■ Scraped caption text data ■
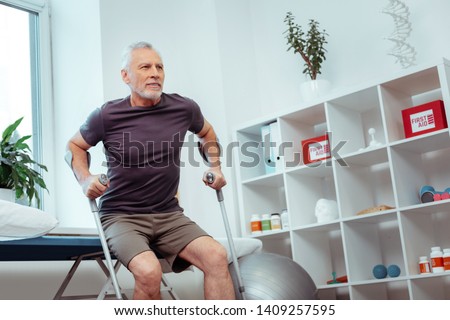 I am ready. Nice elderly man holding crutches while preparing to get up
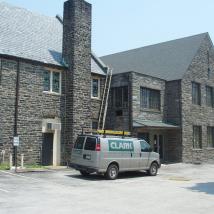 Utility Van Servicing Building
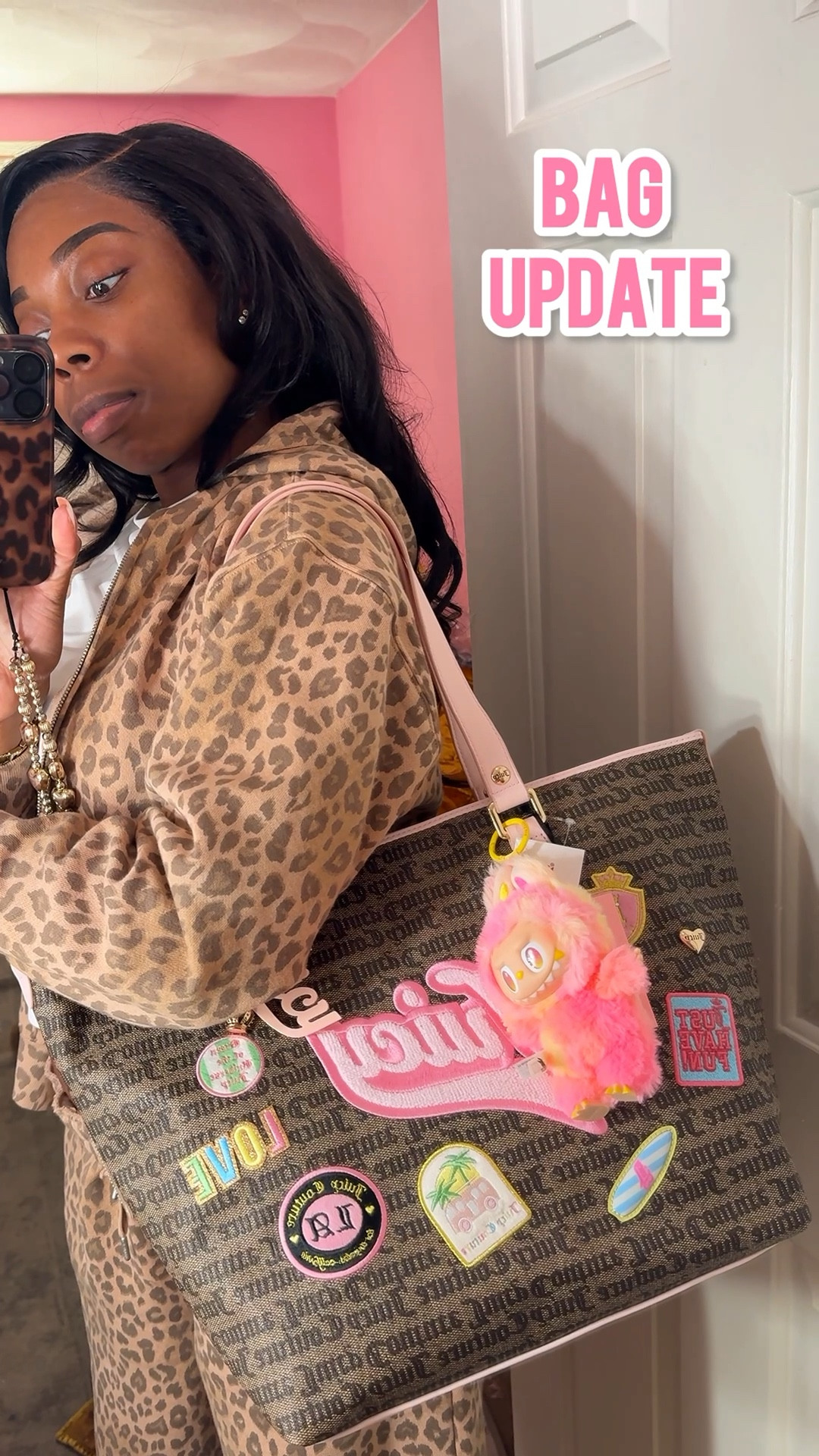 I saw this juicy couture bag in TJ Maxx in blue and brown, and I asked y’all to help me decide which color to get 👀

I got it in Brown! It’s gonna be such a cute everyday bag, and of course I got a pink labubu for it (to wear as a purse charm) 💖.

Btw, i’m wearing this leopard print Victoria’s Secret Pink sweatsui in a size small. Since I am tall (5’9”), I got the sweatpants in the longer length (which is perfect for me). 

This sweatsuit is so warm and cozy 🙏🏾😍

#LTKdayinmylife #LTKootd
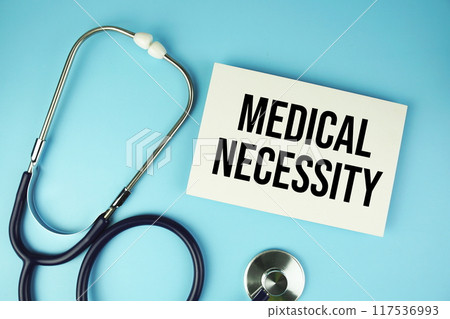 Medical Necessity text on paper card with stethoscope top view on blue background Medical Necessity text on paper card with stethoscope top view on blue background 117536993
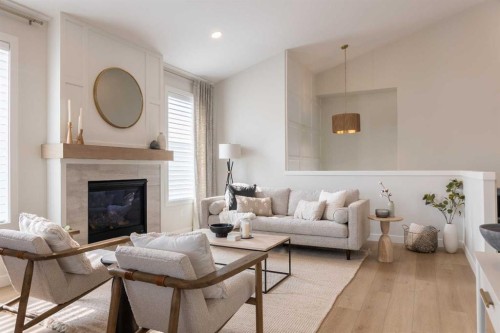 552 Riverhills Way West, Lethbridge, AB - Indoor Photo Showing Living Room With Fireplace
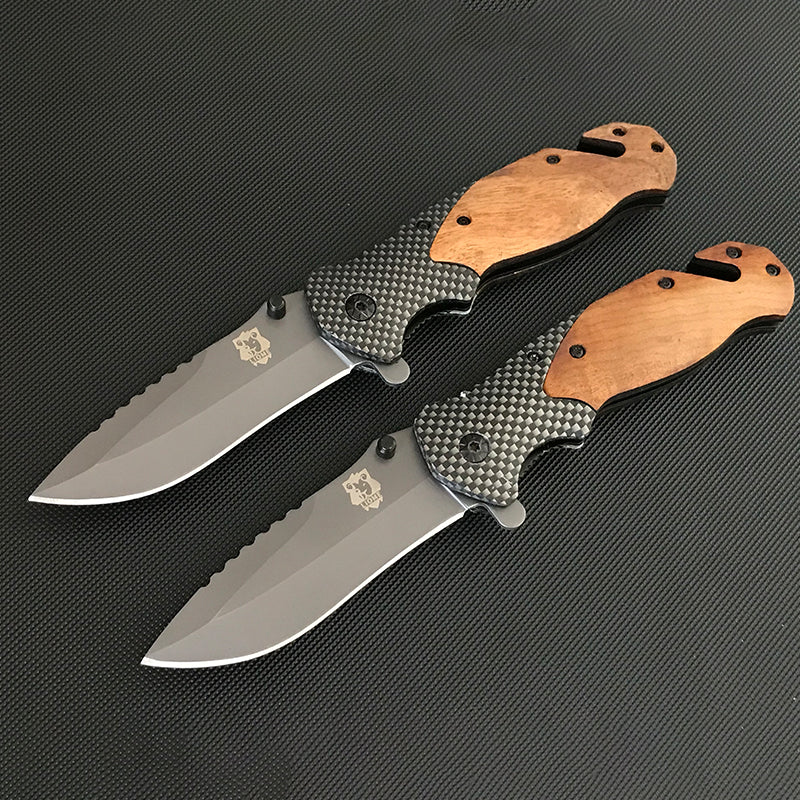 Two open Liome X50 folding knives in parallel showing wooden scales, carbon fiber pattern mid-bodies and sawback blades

■ About this exercise ■
Please restate each entry exactly, but drop any picture it holds.

■ Task solution ■
 I am ready. Nice elderly man holding crutches while preparing to get up
 Utility Van Servicing Building
 I saw this juicy couture bag in TJ Maxx in blue and brown, and I asked y’all to help me decide which color to get 👀

I got it in Brown! It’s gonna be such a cute everyday bag, and of course I got a pink labubu for it (to wear as a purse charm) 💖.

Btw, i’m wearing this leopard print Victoria’s Secret Pink sweatsui in a size small. Since I am tall (5’9”), I got the sweatpants in the longer length (which is perfect for me). 

This sweatsuit is so warm and cozy 🙏🏾😍

#LTKdayinmylife #LTKootd
 Medical Necessity text on paper card with stethoscope top view on blue background Medical Necessity text on paper card with stethoscope top view on blue background 117536993
 552 Riverhills Way West, Lethbridge, AB - Indoor Photo Showing Living Room With Fireplace
 Two open Liome X50 folding knives in parallel showing wooden scales, carbon fiber pattern mid-bodies and sawback blades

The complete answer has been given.